However, you state here: "if a psychopath has no knowledge of sin or God, will he be judged as if he did? The answer is no."

and

"Forgiving babies isn't possible since there's no need to forgive anything where a knowledge of sin (i.e. good & evil) doesn't exist"

But, on the Christadelphia home page, among 'doctrines to be rejected' -- another page worth checking out, btw -- it says:
#22:"We reject the doctrine - that those without knowledge - through personal choice, immaturity, or lack of mental capacity - will be saved."

It seems to me that this contradicts your statement. Am I wrong? (I sincerely am curious.)

zilch said...

I must admit that all this stuff about sins, repentance, and salvation is pretty confusing to me, and it would seem that many Christians are similarly in disagreement about what these things mean. I'm usually willing to leave it aside as a curiosum of the story-telling and story-interpreting prowess of believers, but this bit intrigued me.

Jason, you said, speaking about the salvation of psychopaths: "Who's to say they also won't be 'covered' by a believing parent, sibling, etc.?"

I've never heard of such "covering", and I would like to know a) where it appears in Scripture (while I'm no expert, I know the Bible pretty well and I don't recall any such concept), and b) how far does this "covering" extend? If parents and siblings count, how about uncles? Neighbors? Jesus? Just curious...

Lee Randolph said...

Hi MMM,

Have you considered that Jesus's experience of going through death and resurrection was faithfulness expressed in an act of love? .... I believe it was an act of faithful love and overcoming.
What was Jesus purpose? He was born to sacrifice. He was a human. If you believe in the trinity, you believe he was god. He was a human sacrifice to god. Or a human sacrifice to himself. Either way, any way you look at it he was a human sacrifice. And if you believe it that, then you should be wondering why the psychopath exists, since they undermine the 'perfection' of the sacrifice.
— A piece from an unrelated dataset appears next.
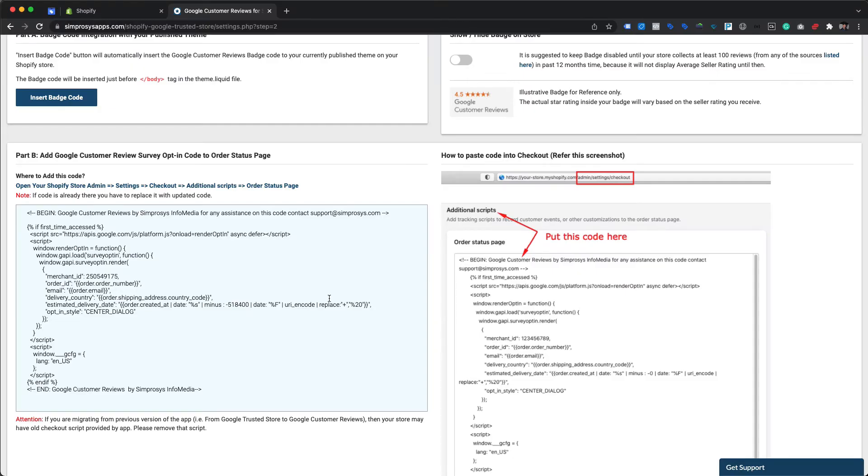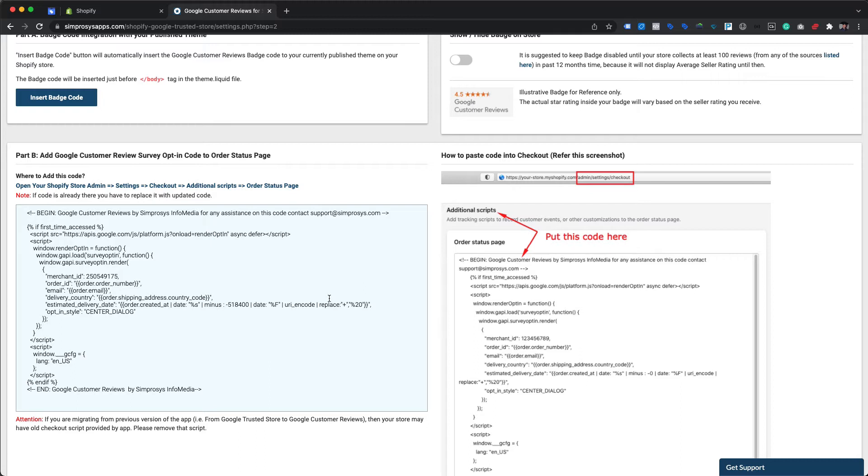After completing step 1 for app configuration and automatically inserting the Google Customer Reviews badge code into our theme from step 2, we must now add a script for opt-in pop-up at the checkout or order confirmation page so that once a customer places their order, this script gets triggered to show the opt-in pop-up asking consent to send the email survey.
do you believe that we ought to be relieved to express compassion to these? ....Can we do that without God?....I feel that the parable of the demoniac may have been an accurate portrayal of Jesus' encounter with what we would now refer to as a psychopath - naked and violent with multiple voices - Jesus didn't retreat but relieved him of his suffering.....I think we can do much better with God with our approach towards those who suffer such.

It more accurately reflects a schizoprhenic, and st. pauls experience on the road to damascus resembles temporal lobe epilepsy which is known to be a biological process that eilcits religous experiences. It can be caused from external stimulus.
As for treating psychopaths, we ought to figure out how we can all increase the likelihood of a successful outcome for all of us. If it means compromise, fine, if it means they take to drugs to be like us, fine, but one thing is for sure that giving it to god isn't going to work. Research and hard work do more than prayer, I think you all know that.

I believe in scripture, it is said that for those who much has been given, the expectation is higher.
yea, thats a nice sentiment echoed by many an office manager. Its just one of those things that is naturally intuitive isn't it?

Lee Randolph said...

Hi Jason,

It's not about what anyone's been 'taught', it's about simply reading what the Bible says about Christ's sacrifice.
and.....it says he was a human sacrifice right? And the existence of the psychopath makes it imperfect right?

Which part of Psa 51:5 is "documented" proof of original sin...? "Behold, I was shapen in iniquity; and in sin did my mother conceive me." (KJV)
Ah.....there it is like a cool breeze on a warm summers day. The doctrinal contradiction with other types of christianity. It always warms my heart because it reassures me that since no one understands it, I'm not missing anything.

3. "Men condemn men for some of the same thing that God condemns men for."......I'm just not sure what the disagreement is...?
My point is that we didn't need god to tell us what right and wrong was because it was clear what it takes to mess up a community and it was clear that type of behavior should be avoided if a community was to be sustained. In reality the egyptians learned it before the alleged tribes of abraham.

Scripture says Jesus was a human born 'under the law'. It says nothing about God being Jesus. Issue solved. :)
What are you doing here commenting on DC? You're not a real christian! ;-)
Do you want to volunteer as a contributer to DC? [double ;-)]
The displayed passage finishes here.